The S&P 500 eked out a slim gain, extending the string of increases to a fourth straight session.

The short-end of the treasury yield curve was little changed as comments from the Fed’s Neel Kashkari did little to shift the dial on market pricing for rate cuts.

The US dollar gained against every G-10 currency and looks to be establishing a new range after the Fed’s measured response to stalling inflation progress.

The RBA didn’t live up to market expectations that it would reinstate its hiking bias.

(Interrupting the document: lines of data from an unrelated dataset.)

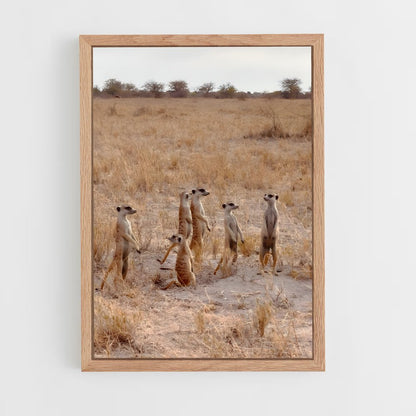 ap-makgadikgadi pans-4 cadre Bois clair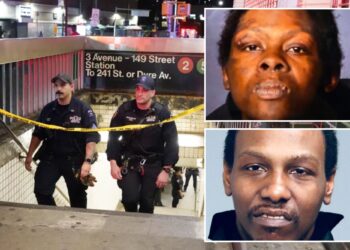 Meet the worst transit terrors on the loose in NYC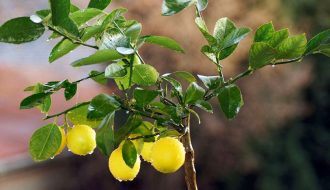 Many benefits of lemon leaves, know the right way to use them
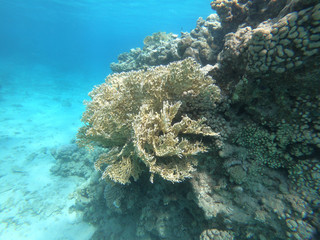 Net Fire Coral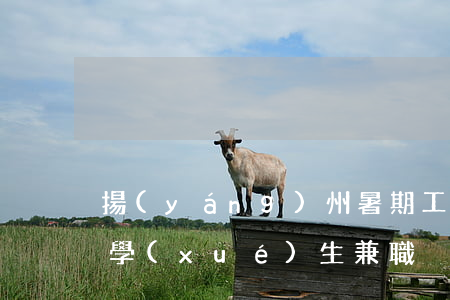 揚(yáng)州暑期工(揚(yáng)州學(xué)生兼職)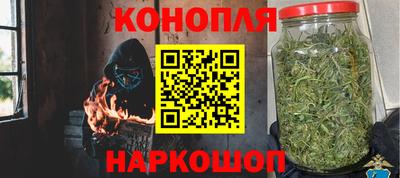 ГАЛЛЮЦИНОГЕННЫЕ ГРИБЫ Кандалакша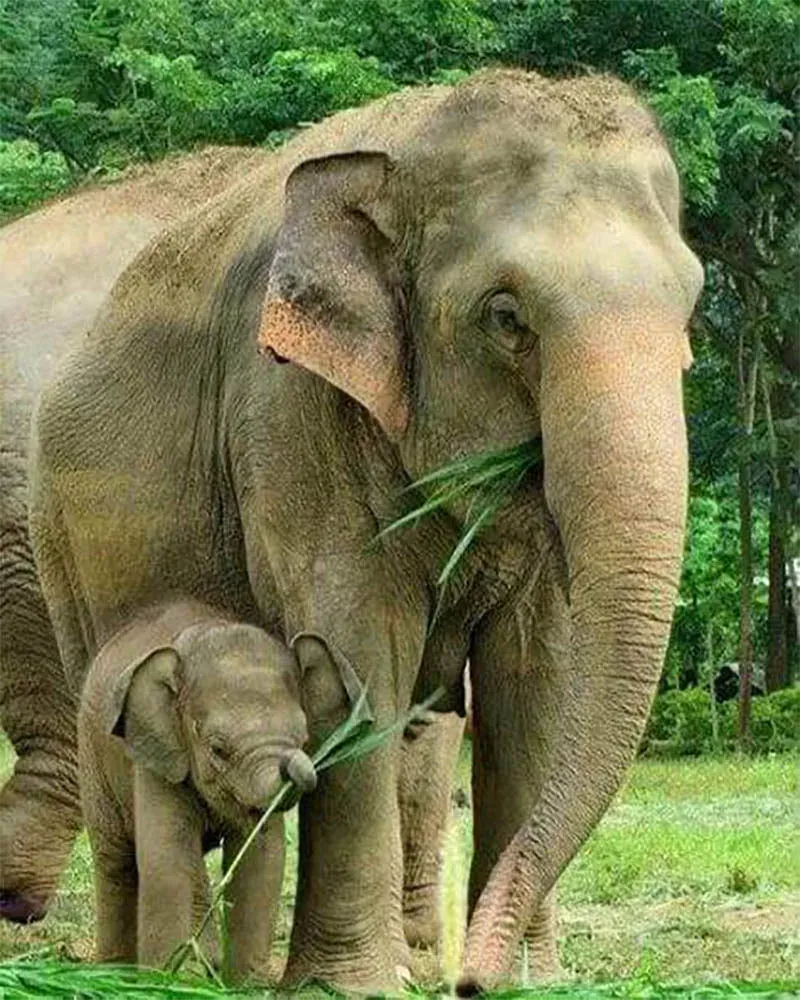 Broderie diamant Eléphant et son nouveau-né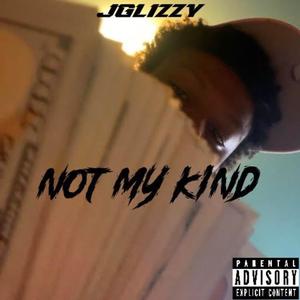 Not My Kind (Explicit)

Instead opting to retain flexibility in the contest of weak domestic demand.

The RBA’s rhetoric pushed local bond yields lower, while the Aussie dollar rally hit a wall.

Share markets: The S&P 500 eked out a fourth straight gain, rising 0.1%. The NASDAQ recorded a 0.1% fall.

Equities were more lively in Europe. The Euro Stoxx 50 and the London FTSE 100 rose  1.2%, while the German DAX climbed 1.4%.

The ASX 200 jumped 1.4% yesterday, supported by RBA rhetoric that was less hawkish than some expected. Futures were up a further 0.2% overnight.

Interest rates: The US 2-year treasury yield was unchanged at 4.83% after briefly slipping to 4.80%. The 10-year yield fell 3 basis points to 4.46,% a near 4-week low.

Market pricing has the first Fed rate cut fully priced in for November, the implied odds of a second cut by the end of the year is sitting around 70%.

Aussie bond futures were mixed overnight. The 3-year futures yield rose 1 basis points to 3.92%, while the 10-year futures yield fell 3 basis points to 4.29%. Physical bond yields traded sharply lower yesterday following soft retail data and the array of RBA commentary.

Interest rate markets pared by the probability of additional rate hikes and are pricing in an extended period of unchanged rates. 

Foreign exchange: The US dollar strengthened, gaining against every G-10 currency. The DXY rose from a low of 105.03 to a high of 105.45 and is currently trading around 105.36. 

The Aussie dollar’s rally came to a screeching halt after the RBA’s softer than expected rhetoric. The AUD/USD slipped from a high of 0.6644 to a low of 0.6587 and is currently trading around 0.6598. While the Aussie is still holding onto most of the run up from April’s low of 0.6363, a run of stronger domestic data or weak US data is likely needed to see the Aussie take another leg higher.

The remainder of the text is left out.